Let’s get the names out of the way first. Mastersystem. The Penske File. Nectar. The Spielbergs.

Bonus points to anyone who had heard about them before April! (But I think you’re lying.)

The best of the bunch is “Dance Music” by Mastersystem. But it’s not dance music at all. It’s pure crunchy, fuzzy grunge. And it is glorious.

It wasn’t long into the first listen of the record that I was struck by the singer’s voice. It sounded so familiar. That’s gotta be Scott Hutchison, right?! Hutchison is the lead singer of the fantastic Scottish band Frightened Rabbit.

The slightest of research led to the discovery that Mastersystem is a supergroup of sorts – Scott and Grant Hutchison of Frightened Rabbit, Justin Lockey of Editors, and James Lockey of Minor Victories.

For as long as I’ve loved Frightened Rabbit, I’ve always wanted them to rock just a little more. Play the guitars a little more aggressively.

That’s what “Dance Music” is. It’s a ripper. No offense to Editors and Minor Victories, but Mastersystem sounds a lot more like Frightened Rabbit than the other two bands represented.

(Note After this was written, Scott Hutchison was reported missing in Scotland. As of press time, he had not been found.)

“Salvation” by Canadian punk rockers The Penske File also has a familiar sound to it. Think The Menzingers meet Gaslight Anthem. Both excellent bands, by the way.

But while The Penske File’s sound is familiar, the songwriting on “Salvation” is a notch above most of the hundreds of peers in the crowded genre. The sound is booming, punchy, anthemic and uplifting.

Speaking of punchy, Nectar, the latest impressive young heavy hitter from the underrated Infinity Cat label, pulls no punches and wastes no time in its debut release.

“Knocking At The Door” is 10 songs but all of 19 minutes long. Nectar’s twee pop punk hits hard and fast, the longest of the first 9 songs on the record, “Smile,” clocking in at 2 minutes. Only the closer, “Birthday” lasts longer than a boxing round.

Frontwoman Kamila Glowacki and her three bandmates hail from Champaign-Urbana, so we’ll call them local!

Finally, the debut EP from Norwegian band Spielbergs, “Distant Star,” thunders in with the melodic rocker “We Are All Going To Die,” that includes a 2-minute jam reminiscent of The Joy Formidable’s “Whirring,” which I still maintain might be the best 8 minutes of rock music ever made.

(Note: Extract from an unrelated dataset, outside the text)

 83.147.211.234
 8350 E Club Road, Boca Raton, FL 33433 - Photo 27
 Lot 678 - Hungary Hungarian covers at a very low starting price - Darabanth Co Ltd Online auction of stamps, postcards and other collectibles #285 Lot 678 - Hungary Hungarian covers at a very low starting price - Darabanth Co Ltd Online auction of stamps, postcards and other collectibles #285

Spielbergs – no relation to the filmmaker, though he does have kids who are in a band called Wardell – don’t rest on the excellent EP opener. No, their guitar-heavy indie rock hits hard on “Daisy! It’s The New Me,” turns epic and measured on the 8-minute-long “Ghost Boy,” clicks back into high gear on the title track, then wraps up a diverse 23 minutes of music with the ballad “Setting Sun.”

Spielbergs are definitely a band to keep an eye on.

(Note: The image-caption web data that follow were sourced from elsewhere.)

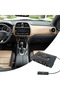 Universal Bluetooth 5.0 Converter Car Tape Converter Car MP3/SBC/stereo Bluetooth Audio Cassette ... - 5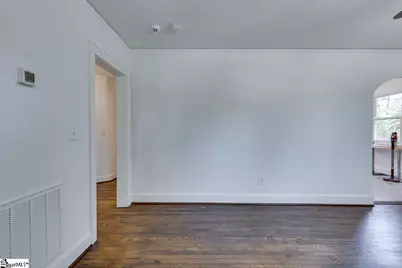 905 Reid School Road, Taylors, SC 29687 - Photo 5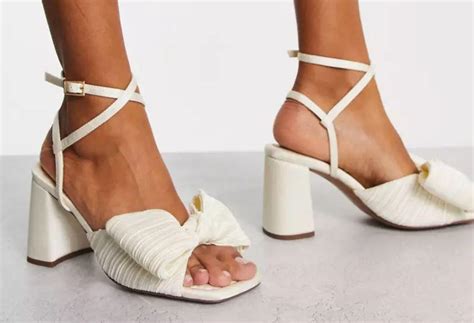 loeffler randall shoes dupe|loeffler randall bow heels dupe.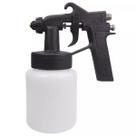 Pistola Pintura Ar Direto Arprex Mod.90 Pistola Pintura Ar Direto Arprex Mod.90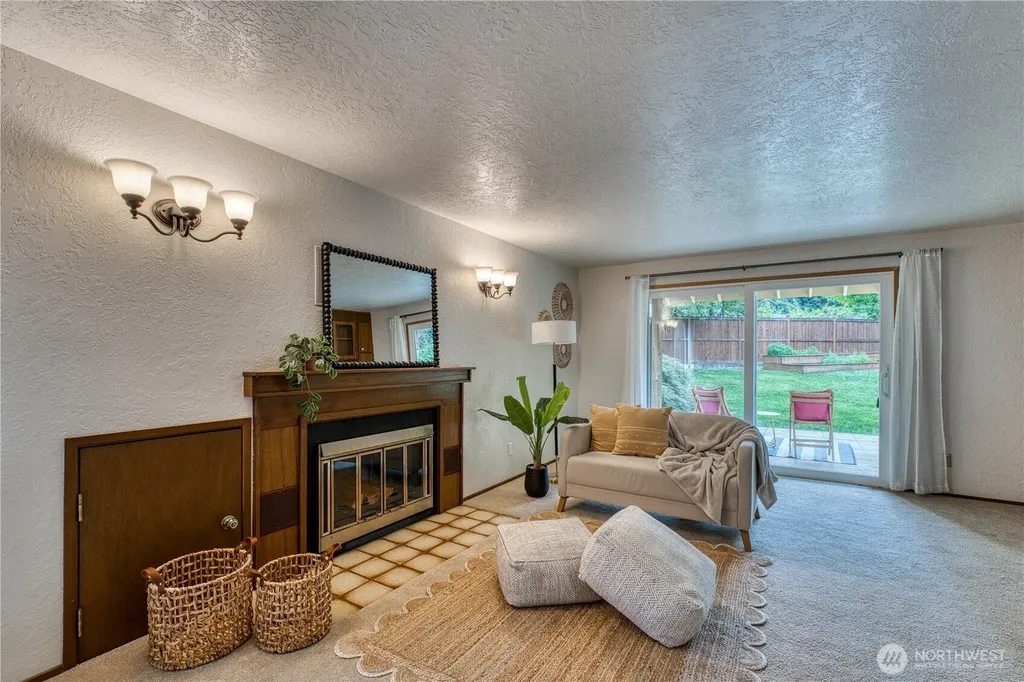 406 Pennie Lane Bremerton WA 98310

Speaking of that, keep an eye on what Father John Misty does in 2018. If the stellar songs released last month and earlier this year by FJM – “Just Dumb Enough To Try,” “Disappointing Diamonds Are The Rarest of Them All,” and “Mr. Tillman” are indicative of the strength of his next album, he’ll have the best record of 2018. “God’s Favorite Customer” is scheduled for release June 1.

Speaking of fantastic glimpses of what might be ahead from some other fantastic indie rock artists in 2018, April saw some great singles from Courtney Barnett (“City Looks Pretty”), Tokyo Police Club (“New Blues”) and Natalie Prass (“Lost”). All are slated for record releases later this year. All could compete for record of the year.

Finally, April brought a new release from Prince. OK, well, it’s not new. It was recorded in 1984. And the song will not be new to you, either. It’s “Nothing Compares 2U,” which Prince wrote but Sinead O’Connor made popular in 1990. Personally, I like the O’Connor version just a bit better, but the Prince recording is quite good.

May has already started off strong, with excellent releases by Frank Turner, Iceage, Middle Kids and Skating Polly. Evidently, the year in music is heating up along with the weather.